Ultra-high-energy (UHE) neutrinos have been searched for with the Pierre Auger Observatory since 2004 (Abraham et al. 2008) by looking for inclined showers that develop deep in the atmosphere. The Observatory has been shown to have a similar sensitivity to that of IceCube for UHE neutrinos of energies above 100 PeV (Aab et al. 2019a). Moreover, it has been shown to have a distinctive directional sensitivity that can have a unique potential to search for transient events from point sources that are at preferred declinations (Aab et al. 2019b). This is partly due to the enhanced capability of the Observatory to trigger on air showers produced by the decay of tau leptons originating from Earth-skimming tau neutrino interactions near the surface of the Earth. The search for correlated neutrinos from the direction of TXS 0506+056 with the Pierre Auger Observatory has lead to a negative result (Pedreira et al. 2019). In this article we describe the search made and the implications for the possible neutrino flux that could be emitted from this object in the UHE band.

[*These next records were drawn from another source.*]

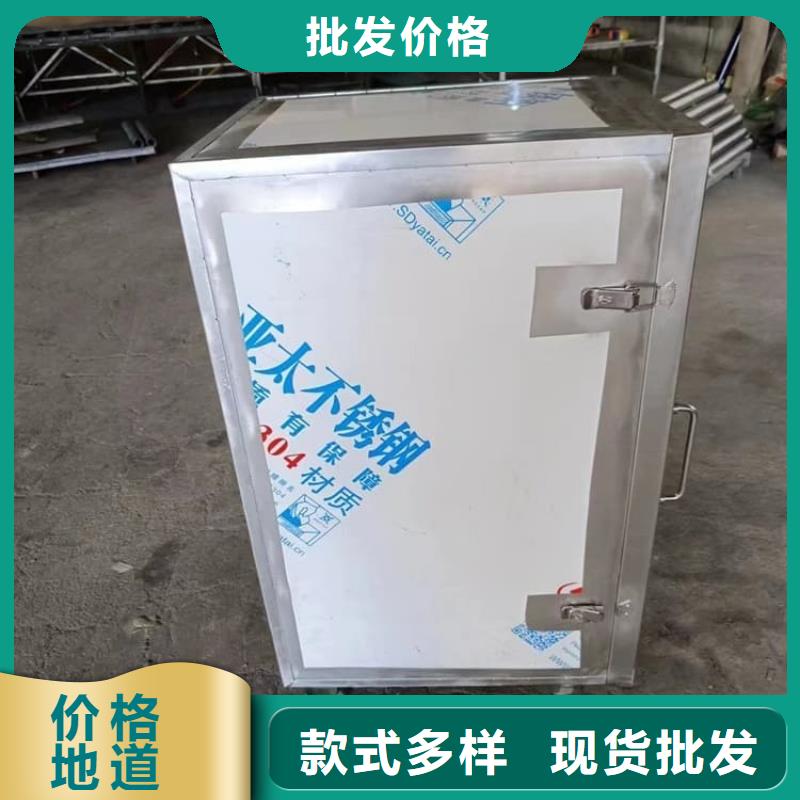 储源铅箱包邮现货直销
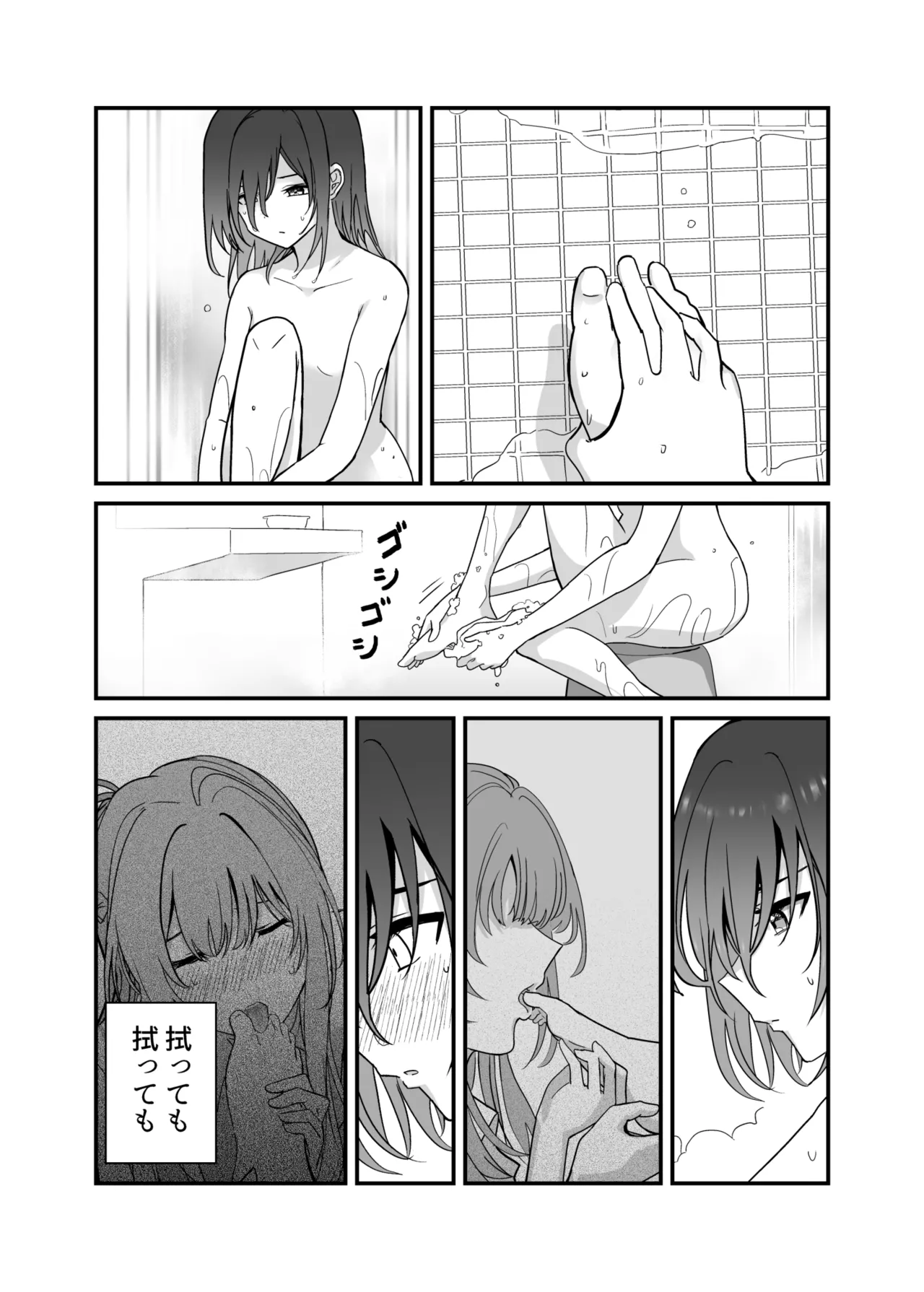 週クラ同人（仮）（週に一度クラスメイトを買う話） Page.7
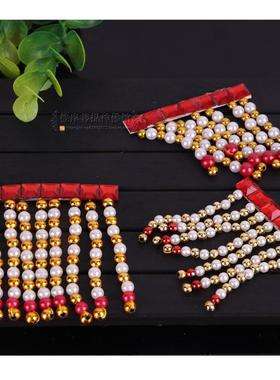 神像帽子上珠帘 垂帘 玉帝 妈祖 阎王龙王神像珠帘配件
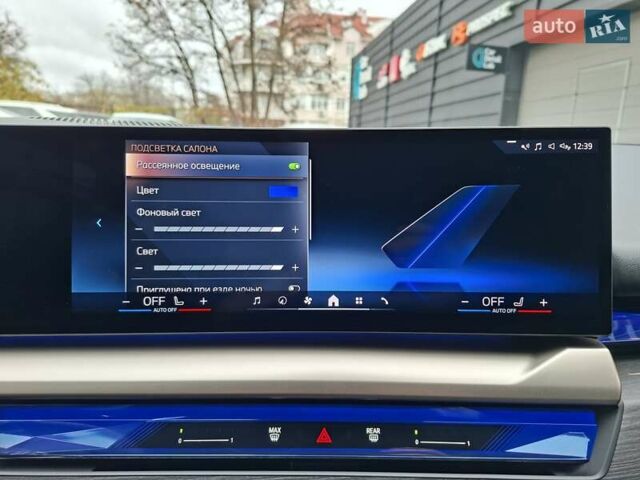 Серый БМВ i5, объемом двигателя 0 л и пробегом 5 тыс. км за 54900 $, фото 21 на Automoto.ua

2. The Search of Neutrinos with the Pierre Auger Observatory

Ultra-high-energy neutrinos arriving with high zenith angles can induce air showers deep in the atmosphere. These can be detected with arrays of particle detectors, such as those operated within the Pierre Auger Observatory located in the Mendoza province, Argentina. This Observatory is the largest and highest-precision detector available to measure cosmic rays of EeV energies and above (Aab et al. 2015b). It consists of a 3000 km2 array of water-Cerenkov detectors, the Surface Detector (SD), at ground level arranged on a triangular grid with 1600 detectors 1.5 km apart. The SD samples the front of the extensive air showers that develop when UHE cosmic rays interact in the upper layers of the atmosphere. The Pierre Auger Observatory also includes a Fluorescence Detector (FD) comprising 27 telescopes that are used to view the atmosphere over the array and capture the fluorescence light that is emitted as the shower passes through the atmosphere. The Observatory was designed to detect cosmic-ray showers, produced by nuclei or protons interacting in the upper layers of the atmosphere.

When regular cosmic rays (i.e., protons, nuclei, and photons) arrive with zenith angles exceeding about 60°, their induced showers are largely absorbed in the atmosphere, well-before reaching ground level. As a result, the shower front at observation level is mostly composed of ultra-relativistic muons that have small time spreads, giving characteristic sharp signals in the particle detectors of the array. Neutrinos, on the other hand, can interact deeper in the atmosphere so that when the neutrino-induced shower front reaches ground level it still has a large fraction of electrons, positrons, and photons (the electromagnetic component), which gives a signal in the detectors, which is typically distributed over a larger time interval (Capelle et al. 1998). For instance, while an 80° proton shower has a signal spread of ∼100 ns about 1 km from the shower axis, a neutrino shower can reach over 1 μs.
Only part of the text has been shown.